とおりすぎの記

 考えごとを書くブログ。書いたはなから通り過ぎていくようでもある。

隣在、もしくは臨在 (ものびと論のこころみ 3)

 
 存在、という言葉はどうにもむずかしい。とりわけ、○○は存在するか、という問いは、それをなんで○○でないこちら側で答えることができると考えられるのかがいまひとつわからない。
 
 自分がこれまで書いてきた研究ノートや発表レジュメでよく、「隣り合っている」あるいは「隣り合う」という表現を使ってきた。私たちはさまざまなものものと、意識しているかしていないか、そうと知っているか知らないかはともかく、隣り合っている。その隣り合っているものをときおり見つけて、見て触れて、関わっている。
 ただ、その「隣り合っている」ということは具体的な何か誰かを見出すことを通してしか理解できない。
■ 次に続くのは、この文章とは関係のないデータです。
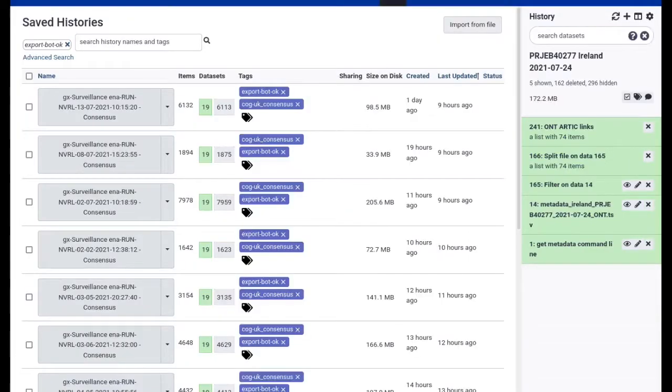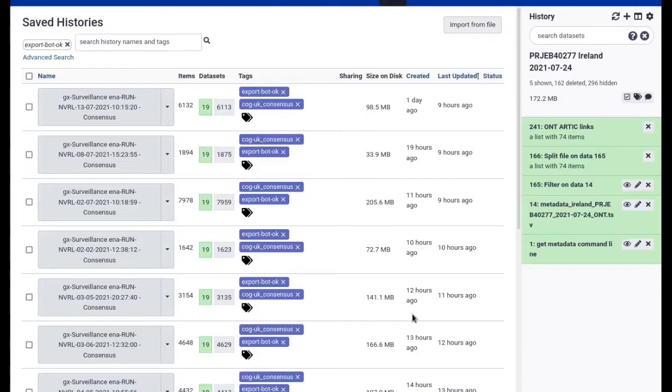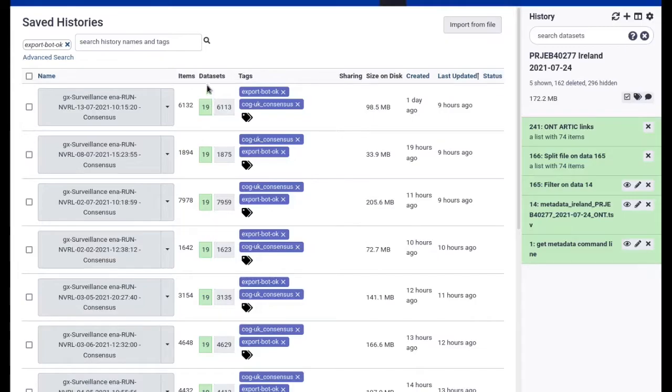Another issue is if the data you would like to download is not contained in just one collection. Let's imagine you've set up a SARS-CoV-2 genome analysis bot like the one running on usegalaxy.eu.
具体的な何か誰かと出会って、その何か誰かが出会う以前からたしかにいたのだと理解して(理解するというより、「出会う」という様式がすなわち「いた」相手と出会うことなのだと言えるだろう)、そのことから敷衍して、まだ出会っていない何か誰かがいる、いま知らずに「隣り合っている」のだと理解する。そうしてはじめて「私たちはさまざまなものものと、意識しているかしていないか、そうと知っているか知らないかはともかく、隣り合っている」と言えるようになるのだと思う。
 その具体的な何か誰かと出会ったとき、その具体的な何か誰かはもちろん、「存在」している。でもそれ以前に、「隣在」しているという気がする。あるいはむしろ、隣在して「いた」のだという気がする。存在という事柄は、数々の隣在を通して、具体的な何か誰かを数多く知って、その何か誰かと関わって暮らしていく中で、理解してきた事柄なのではなかったろうか。そういう意味で、私は存在に隣在が先行している・先行して「いた」という気がする。
 
 言葉の響きから連想して言うと、隣在はむしろ「臨在」であるかもしれない。私はその何か誰かに面して臨んでいる。そのときにその何か誰かは「隣在」しているのであり、そうしたことを私から切り離して(というのは、それらは私が知ろうと知るまいと私がいようといるまいと「いた」だろうから、その「いた」こと、ひいては「いる」ことを)おしなべて「存在」と呼んだ、ということではないだろうか。
 
 であれば、存在、という事柄を語ることができるのは、そうした存在しているものもの、それはもともと(私に・私と)隣在していたもの、もっと言えば、あるときたしかに臨在していたもの、そうした具体的な、私が出会ったさまざまなものものが、いわば故郷であって、その故郷に私がいて、あるいは故郷のことを私が想ってはじめて、語ることができるようになった、そういうことなのではないだろうか。
 であれば、いま面している、臨在している、隣在している、かつて面していた、隣在・臨在していた、それら具体的なものものを抜きにして、「存在」を問うている場合ではないのではないだろうかと思う。そしてこのことは、「存在」にはかぎらないだろうとも思う。たとえば「生命」とか「人間」とかの、存在しているものものとその特質を込みにしてその「本質」「本性」みたいな事柄を議論しているときにも、同じことが当てはまるのではなかろうか。
 
 そして、臨在しているもの、隣在しているものが「存在するか」という問いは、さすがにこちら側で答えるのが失礼というものだろうと思う。「失礼」というのは比喩表現と受け取ってもらってもいまのところまだ差し支えないけれど、「失礼」と言うのがかなり当たっている感じが私にはある。そうした、こちら側でその存在についてどうこう考えることが「失礼」になるようなものものに、私たちは日々囲まれて、まさに「隣り合って」暮らしているのではなかろうか。
 ここまで書いてきた「ものとなり」の話、そして「ものびと」の考え方が、ここに通じていくと思っている。それはまだ予感というか、気持ちの上で通じている感があるというだけだけれど、そこはゆっくりと考えておいおいこつこつ書いていきたい。